The financial crisis of 2008 and 2009 was bad, but in some ways I think what happened yesterday was scarier.
In case you missed it, the Dow Jones index plunged about 10% in about five minutes. "About $700 billion of U.S. stock- market value was wiped out in less than 10 minutes," Businessweek reported. $700 billion. That's $1.2 million dollars down the drain every second. The Wall Street Journal reported that shares of companies worth billions of dollars earlier in the day were trading at one cent, while shares of Sotheby's briefly jumped from $35 to $100,000.

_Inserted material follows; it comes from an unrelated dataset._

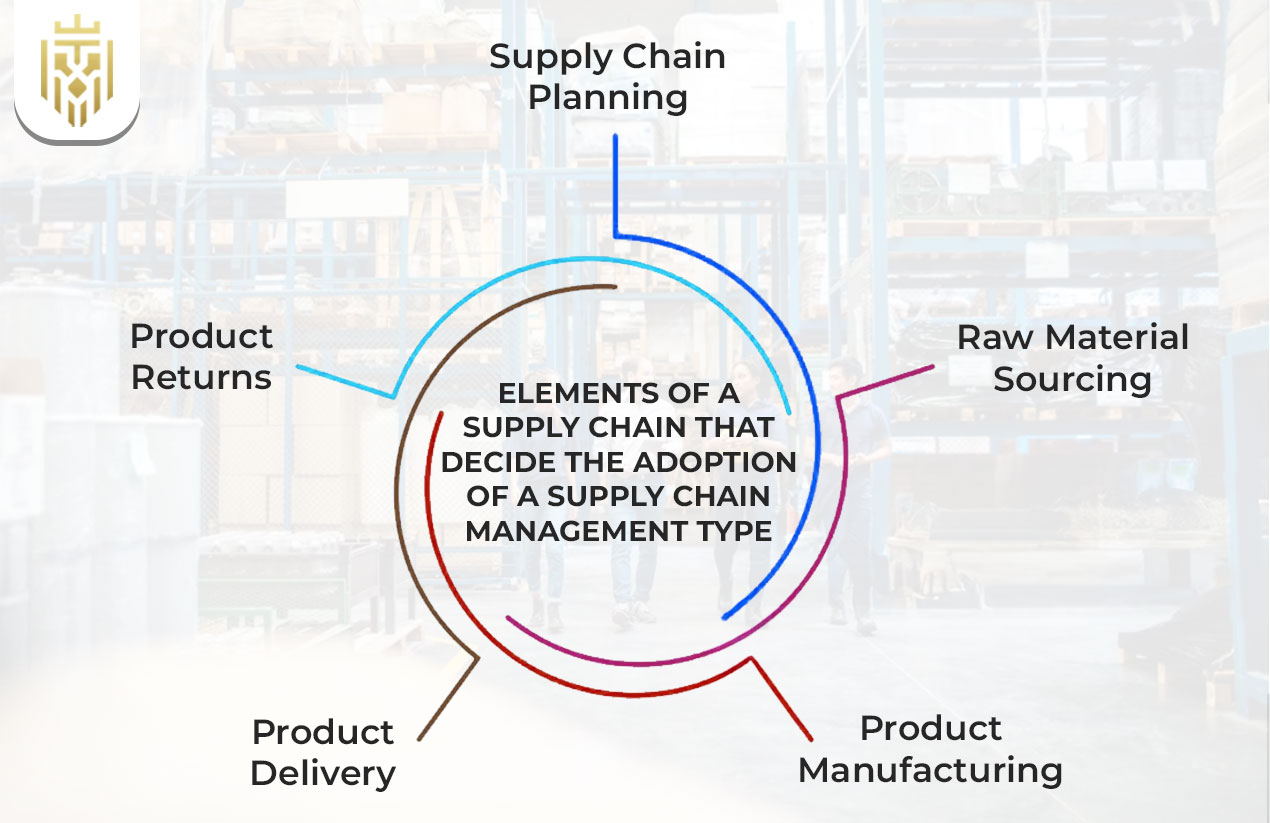 Supply Chain Management elements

Yes, the markets recovered somewhat after the free fall, and yes, the financial crisis of 2008 and 2009 had much more serious, longer-term consequences. But the financial crisis is, to a large extent, explainable. A housing bubble burst. Banks lent millions to people who had terrible credit because of faulty government incentives. The bad loans were packaged into crazy bundles that investors failed to closely scrutinize. But what was the explanation for yesterday's free fall?
It hasn't even been 24 hours, so maybe it's premature to say it's inexplicable. But nobody seems to agree how the 10 minutes of terror happened. The Toronto Star says it was probably Greece's fault. The Associated Press speculates someone might have typed in a trade for $16 billion when they actually meant $16 million. Businessweek suggests it was just plain panic selling.

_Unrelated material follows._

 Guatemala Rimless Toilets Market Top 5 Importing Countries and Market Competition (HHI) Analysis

Stock markets are a fundamental economic institution. They are a place where people can go to buy and sell ownership of major companies. Stock trading should be straightforward. But when company values plummet $700 billion in ten minutes and no one knows why, that's scary. A simple typographical error shouldn't be able to wreak so much havoc on financial markets.
Consumer confidence is fragile. Cracking it is how recessions can get started. And if our stock markets can lose $700 billion in 10 minutes without us having any idea why, we could be in for some very tough times.